Après une introduction en fa mineur, pleine de motifs charmants et instrumentée avec une science et une maestria qu’on ne pouvait pas attendre d’un jeune compositeur, qui maniait pour la première fois le puissant orchestre de l’Opéra, la toile se lève et découvre une forêt sacrée de l’Inde dans tout son luxe de végétations bizarres, pour nos yeux, du moins, accoutumés à des frondaisons plus sages.

Les figuiers des Banians, sur troncs monstrueux et curieusement coudés, forment comme les piliers de cette pagode touffue. Des talipots, des mangliers, des lataniers poussent en tous sens leurs jets vigoureux et leurs larges feuilles métalliques. Des plantes étranges, dont les branches s’écartent comme les bras multiples des dieux indous portant des fleurs dans leurs mains, se hérissent confusément au pied des arbres gigantesques. Partout éclatent des calices énormes, aux parfums pénétrants, aux vives couleurs ; des lianes où les oiseaux se prennent l’aile comme dans un filet, enchevêtrent leurs mailles et se pendent aux rameaux séculaires. Amras, malicas, madhavis, sirichàs, mille arbustes ou fleurs dont les noms mélodieux comme de la musique, sembleraient barbares à nos oreilles accoutumées aux grincements de la bise septentrionale, étoilent, bordent, festonnent, embaument les premiers plans. Au fond par une percée, miroite l’eau d’un thistà, — étang sacré : — çà et là des cabanes en claies de jonc se devinent à travers la luxuriance des feuillages. Un petit temple, avec son idole à triple tête et à bras sextuples montre que la trimourte de Brahma, de Wishnou et de Shiva a des adorateurs jusque dans celle solitude où l’homme semble n’avoir jamais pénétré.

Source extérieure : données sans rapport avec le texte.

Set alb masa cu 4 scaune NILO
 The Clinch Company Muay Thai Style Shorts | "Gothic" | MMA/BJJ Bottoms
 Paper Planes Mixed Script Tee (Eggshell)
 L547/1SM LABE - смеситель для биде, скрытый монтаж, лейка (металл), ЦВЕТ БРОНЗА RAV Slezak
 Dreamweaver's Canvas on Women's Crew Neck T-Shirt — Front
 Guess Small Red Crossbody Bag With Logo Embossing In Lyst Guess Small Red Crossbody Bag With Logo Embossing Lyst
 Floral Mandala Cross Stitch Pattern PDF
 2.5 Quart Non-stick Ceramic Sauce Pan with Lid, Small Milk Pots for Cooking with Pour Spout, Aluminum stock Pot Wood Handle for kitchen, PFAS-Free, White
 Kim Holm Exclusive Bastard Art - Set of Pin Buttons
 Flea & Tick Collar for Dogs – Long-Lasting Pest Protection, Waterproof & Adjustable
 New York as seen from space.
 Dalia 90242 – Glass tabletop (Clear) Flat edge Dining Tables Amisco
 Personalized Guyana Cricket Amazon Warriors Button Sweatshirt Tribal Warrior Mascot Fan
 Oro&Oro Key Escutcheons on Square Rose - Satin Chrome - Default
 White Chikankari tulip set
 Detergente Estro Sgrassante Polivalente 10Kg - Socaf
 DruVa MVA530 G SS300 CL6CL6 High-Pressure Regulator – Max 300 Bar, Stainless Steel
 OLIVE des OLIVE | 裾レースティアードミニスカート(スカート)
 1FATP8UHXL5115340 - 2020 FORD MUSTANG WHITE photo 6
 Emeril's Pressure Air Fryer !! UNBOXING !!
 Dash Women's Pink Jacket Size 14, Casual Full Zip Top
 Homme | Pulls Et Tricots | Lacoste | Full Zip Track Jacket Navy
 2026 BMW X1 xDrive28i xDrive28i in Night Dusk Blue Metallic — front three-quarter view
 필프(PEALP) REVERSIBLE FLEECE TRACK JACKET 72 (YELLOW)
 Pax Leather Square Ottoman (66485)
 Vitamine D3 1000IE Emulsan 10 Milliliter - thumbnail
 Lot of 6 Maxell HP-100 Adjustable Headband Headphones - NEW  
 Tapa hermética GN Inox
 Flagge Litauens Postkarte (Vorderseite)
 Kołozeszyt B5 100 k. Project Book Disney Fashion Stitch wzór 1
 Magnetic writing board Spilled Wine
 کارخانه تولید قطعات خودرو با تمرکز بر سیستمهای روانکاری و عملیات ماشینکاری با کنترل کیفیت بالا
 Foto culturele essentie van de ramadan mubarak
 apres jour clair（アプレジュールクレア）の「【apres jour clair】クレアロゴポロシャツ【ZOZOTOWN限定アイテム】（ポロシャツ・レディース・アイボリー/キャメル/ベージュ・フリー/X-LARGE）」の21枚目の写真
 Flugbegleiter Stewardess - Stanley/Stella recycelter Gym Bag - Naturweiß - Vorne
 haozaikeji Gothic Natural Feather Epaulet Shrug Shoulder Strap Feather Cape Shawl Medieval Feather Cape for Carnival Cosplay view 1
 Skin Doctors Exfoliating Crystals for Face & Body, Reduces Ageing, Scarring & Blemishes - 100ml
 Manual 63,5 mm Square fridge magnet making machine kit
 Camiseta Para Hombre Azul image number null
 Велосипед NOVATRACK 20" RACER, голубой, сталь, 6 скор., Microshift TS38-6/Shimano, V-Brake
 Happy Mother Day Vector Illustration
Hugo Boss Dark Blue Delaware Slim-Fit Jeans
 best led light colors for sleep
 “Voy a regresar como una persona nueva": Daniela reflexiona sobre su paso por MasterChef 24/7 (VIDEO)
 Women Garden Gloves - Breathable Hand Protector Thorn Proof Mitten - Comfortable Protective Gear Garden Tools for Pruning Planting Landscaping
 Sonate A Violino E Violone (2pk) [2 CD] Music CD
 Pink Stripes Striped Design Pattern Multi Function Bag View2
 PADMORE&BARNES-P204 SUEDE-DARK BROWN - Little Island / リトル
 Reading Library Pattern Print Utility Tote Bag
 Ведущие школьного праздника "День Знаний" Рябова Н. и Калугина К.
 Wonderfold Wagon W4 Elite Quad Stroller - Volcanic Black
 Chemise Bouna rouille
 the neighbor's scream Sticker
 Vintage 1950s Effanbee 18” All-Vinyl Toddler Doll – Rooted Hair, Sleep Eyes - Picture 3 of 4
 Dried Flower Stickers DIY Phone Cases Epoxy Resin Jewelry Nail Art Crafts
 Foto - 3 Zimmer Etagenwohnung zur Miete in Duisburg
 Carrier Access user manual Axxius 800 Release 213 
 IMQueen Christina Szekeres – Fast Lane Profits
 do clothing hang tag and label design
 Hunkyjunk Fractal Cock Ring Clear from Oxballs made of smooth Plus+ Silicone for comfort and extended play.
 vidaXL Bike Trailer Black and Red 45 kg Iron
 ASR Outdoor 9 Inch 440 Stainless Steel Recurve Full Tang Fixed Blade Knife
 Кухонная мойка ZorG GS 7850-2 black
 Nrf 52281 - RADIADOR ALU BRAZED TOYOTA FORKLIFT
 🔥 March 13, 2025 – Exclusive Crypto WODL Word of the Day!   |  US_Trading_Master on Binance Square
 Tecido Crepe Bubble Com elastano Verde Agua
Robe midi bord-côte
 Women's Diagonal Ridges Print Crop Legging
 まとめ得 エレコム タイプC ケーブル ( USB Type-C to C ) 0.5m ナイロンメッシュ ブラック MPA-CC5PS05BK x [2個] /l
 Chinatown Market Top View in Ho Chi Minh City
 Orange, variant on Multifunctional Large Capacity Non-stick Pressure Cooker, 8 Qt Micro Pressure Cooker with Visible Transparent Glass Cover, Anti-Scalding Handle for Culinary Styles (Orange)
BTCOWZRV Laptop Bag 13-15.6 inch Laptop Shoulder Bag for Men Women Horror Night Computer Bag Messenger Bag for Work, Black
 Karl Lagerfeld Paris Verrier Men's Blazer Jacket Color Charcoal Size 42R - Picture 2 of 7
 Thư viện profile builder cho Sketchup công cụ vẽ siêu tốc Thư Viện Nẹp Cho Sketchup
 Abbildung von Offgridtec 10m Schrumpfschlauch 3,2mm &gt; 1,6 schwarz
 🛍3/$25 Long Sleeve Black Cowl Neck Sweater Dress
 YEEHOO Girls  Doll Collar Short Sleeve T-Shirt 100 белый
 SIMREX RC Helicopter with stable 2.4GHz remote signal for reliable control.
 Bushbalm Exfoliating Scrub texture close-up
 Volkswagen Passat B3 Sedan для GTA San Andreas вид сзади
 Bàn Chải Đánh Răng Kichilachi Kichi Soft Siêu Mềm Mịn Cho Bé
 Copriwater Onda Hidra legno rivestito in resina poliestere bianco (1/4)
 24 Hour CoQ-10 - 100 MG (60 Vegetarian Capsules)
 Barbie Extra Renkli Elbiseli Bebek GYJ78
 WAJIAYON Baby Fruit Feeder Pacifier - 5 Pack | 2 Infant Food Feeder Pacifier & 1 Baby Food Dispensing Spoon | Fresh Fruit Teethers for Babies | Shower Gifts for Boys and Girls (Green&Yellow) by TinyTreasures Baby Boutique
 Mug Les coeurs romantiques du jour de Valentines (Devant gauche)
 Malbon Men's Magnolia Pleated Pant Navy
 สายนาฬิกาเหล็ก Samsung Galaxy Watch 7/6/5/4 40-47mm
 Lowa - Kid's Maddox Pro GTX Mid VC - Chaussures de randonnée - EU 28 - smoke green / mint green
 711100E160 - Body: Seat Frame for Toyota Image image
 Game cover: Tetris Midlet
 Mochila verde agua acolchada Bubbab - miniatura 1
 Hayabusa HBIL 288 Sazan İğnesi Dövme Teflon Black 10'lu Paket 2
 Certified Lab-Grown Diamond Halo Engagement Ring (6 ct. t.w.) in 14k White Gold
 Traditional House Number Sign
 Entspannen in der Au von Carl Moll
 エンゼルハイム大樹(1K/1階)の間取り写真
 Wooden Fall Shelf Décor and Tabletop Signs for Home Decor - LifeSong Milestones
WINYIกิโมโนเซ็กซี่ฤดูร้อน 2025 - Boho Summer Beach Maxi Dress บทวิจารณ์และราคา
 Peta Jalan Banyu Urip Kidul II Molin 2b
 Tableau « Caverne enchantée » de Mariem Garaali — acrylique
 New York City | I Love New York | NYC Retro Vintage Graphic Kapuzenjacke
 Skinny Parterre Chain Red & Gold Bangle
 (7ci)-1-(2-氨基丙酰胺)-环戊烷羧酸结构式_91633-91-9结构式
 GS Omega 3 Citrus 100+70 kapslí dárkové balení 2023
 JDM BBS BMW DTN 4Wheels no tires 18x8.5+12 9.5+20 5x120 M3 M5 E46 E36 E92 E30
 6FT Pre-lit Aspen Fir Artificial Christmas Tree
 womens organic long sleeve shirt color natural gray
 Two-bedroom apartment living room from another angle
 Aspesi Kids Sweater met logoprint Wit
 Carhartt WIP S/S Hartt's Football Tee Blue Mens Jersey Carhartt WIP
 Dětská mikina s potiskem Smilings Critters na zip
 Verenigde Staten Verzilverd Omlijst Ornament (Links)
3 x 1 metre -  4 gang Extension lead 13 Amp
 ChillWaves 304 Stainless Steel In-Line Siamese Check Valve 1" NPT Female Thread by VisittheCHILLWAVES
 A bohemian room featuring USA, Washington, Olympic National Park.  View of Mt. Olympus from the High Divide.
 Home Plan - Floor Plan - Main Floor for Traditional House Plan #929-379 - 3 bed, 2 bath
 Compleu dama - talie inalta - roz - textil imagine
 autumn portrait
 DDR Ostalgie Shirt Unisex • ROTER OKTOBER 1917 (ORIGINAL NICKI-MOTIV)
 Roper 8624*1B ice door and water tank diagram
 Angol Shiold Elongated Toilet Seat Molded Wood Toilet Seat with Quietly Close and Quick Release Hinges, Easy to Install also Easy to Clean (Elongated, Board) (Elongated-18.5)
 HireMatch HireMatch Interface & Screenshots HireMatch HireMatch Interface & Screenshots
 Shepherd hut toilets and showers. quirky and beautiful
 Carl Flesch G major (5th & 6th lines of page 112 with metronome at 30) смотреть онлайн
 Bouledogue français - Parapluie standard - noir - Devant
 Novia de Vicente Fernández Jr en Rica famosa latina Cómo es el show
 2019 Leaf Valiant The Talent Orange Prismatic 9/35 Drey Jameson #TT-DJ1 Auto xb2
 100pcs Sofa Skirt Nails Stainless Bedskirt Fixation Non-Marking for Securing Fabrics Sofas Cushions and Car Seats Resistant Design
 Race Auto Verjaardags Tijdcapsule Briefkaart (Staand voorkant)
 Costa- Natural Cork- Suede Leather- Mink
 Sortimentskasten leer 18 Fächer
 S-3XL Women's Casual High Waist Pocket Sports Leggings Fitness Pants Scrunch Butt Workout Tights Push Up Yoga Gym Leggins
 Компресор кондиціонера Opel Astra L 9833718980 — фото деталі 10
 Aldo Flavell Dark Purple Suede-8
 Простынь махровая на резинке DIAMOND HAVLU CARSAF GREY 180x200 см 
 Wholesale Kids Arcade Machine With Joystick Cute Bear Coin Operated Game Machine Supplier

Ce beau décor a été peint par M. Martin, un habile homme, qui a quinze ans habité l’Inde et s’est approprié les tons de l’ardente palette, dont le soleil là-bas colore les objets. Il ne faut pas s’étonner si sa forêt ne ressemble ni au Bas-Bréau, ni au bois de Vincennes.

Là vivent parmi les fleurs, les parfums, les rayons, les rosées, les chants, dans l’intimité des plantes, des oiseaux et des gazelles, en parfaite communion avec la nature, sous la direction du sage Canoua et de la prudente Gautami, Sacountalà, Anousouya, Priyamwada cl le chœur des jaunes prêtresses leurs compagnes.